Activity — Only the lines from the one containing "تنزيل وتفعيل VMware Workstation Pro 14 إصدار 2018 1 تنزيل" through the end of the data belong in the answer; reproduce them exactly.

(Records from a data collection)
--

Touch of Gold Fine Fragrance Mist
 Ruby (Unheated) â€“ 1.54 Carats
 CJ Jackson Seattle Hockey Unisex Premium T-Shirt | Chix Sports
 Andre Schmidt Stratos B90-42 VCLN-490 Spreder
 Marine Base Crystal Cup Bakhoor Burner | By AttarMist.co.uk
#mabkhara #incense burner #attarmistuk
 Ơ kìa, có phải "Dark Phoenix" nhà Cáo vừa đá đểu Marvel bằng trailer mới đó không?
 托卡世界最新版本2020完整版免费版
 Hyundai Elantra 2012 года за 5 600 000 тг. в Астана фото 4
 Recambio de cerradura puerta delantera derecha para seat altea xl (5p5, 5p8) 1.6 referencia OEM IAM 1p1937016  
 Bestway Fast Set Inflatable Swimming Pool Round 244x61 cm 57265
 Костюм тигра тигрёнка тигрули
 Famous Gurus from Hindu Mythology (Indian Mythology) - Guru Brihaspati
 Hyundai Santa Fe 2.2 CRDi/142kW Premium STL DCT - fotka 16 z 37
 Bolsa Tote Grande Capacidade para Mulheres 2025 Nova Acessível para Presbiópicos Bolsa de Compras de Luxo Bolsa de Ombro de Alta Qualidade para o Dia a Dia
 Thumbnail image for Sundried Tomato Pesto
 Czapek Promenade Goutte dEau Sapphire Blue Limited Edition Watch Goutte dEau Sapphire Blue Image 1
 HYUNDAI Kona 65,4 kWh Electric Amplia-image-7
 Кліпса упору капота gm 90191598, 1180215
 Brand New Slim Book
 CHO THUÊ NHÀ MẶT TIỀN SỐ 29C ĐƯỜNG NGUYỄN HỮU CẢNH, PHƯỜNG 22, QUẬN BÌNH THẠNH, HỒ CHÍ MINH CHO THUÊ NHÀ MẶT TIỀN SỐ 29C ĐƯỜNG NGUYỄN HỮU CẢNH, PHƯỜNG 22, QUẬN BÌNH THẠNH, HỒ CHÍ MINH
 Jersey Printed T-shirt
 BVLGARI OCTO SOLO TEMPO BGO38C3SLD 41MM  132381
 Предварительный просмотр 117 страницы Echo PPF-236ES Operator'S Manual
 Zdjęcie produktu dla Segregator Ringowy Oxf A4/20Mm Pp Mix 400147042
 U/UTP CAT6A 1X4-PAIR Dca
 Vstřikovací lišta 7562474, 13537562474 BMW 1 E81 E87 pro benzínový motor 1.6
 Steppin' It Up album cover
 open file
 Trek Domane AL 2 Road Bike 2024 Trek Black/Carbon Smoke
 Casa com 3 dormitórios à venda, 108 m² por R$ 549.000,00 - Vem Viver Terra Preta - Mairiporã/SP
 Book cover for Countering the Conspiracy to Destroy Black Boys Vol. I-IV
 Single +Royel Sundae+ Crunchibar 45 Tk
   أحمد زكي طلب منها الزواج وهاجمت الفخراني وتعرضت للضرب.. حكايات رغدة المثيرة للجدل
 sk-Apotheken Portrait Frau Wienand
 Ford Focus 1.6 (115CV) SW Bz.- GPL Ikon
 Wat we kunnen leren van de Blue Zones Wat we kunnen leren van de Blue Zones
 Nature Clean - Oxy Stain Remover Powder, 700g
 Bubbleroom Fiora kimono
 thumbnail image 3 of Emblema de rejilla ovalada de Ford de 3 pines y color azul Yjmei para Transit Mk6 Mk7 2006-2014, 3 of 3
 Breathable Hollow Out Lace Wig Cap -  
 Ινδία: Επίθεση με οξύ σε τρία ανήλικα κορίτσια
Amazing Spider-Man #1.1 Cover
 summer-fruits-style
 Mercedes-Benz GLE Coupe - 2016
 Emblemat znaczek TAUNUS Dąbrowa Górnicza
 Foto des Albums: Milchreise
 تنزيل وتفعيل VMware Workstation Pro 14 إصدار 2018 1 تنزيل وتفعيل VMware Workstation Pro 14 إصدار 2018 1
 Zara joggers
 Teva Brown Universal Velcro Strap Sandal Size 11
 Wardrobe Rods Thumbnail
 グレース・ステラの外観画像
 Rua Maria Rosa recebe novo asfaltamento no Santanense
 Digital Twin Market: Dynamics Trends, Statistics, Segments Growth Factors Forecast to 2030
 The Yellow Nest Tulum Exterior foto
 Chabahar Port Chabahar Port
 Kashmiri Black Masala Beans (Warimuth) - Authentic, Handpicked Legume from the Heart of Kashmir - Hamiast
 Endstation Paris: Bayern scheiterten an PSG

--

Response area —
 تنزيل وتفعيل VMware Workstation Pro 14 إصدار 2018 1 تنزيل وتفعيل VMware Workstation Pro 14 إصدار 2018 1
 Zara joggers
 Teva Brown Universal Velcro Strap Sandal Size 11
 Wardrobe Rods Thumbnail
 グレース・ステラの外観画像
 Rua Maria Rosa recebe novo asfaltamento no Santanense
 Digital Twin Market: Dynamics Trends, Statistics, Segments Growth Factors Forecast to 2030
 The Yellow Nest Tulum Exterior foto
 Chabahar Port Chabahar Port
 Kashmiri Black Masala Beans (Warimuth) - Authentic, Handpicked Legume from the Heart of Kashmir - Hamiast
 Endstation Paris: Bayern scheiterten an PSG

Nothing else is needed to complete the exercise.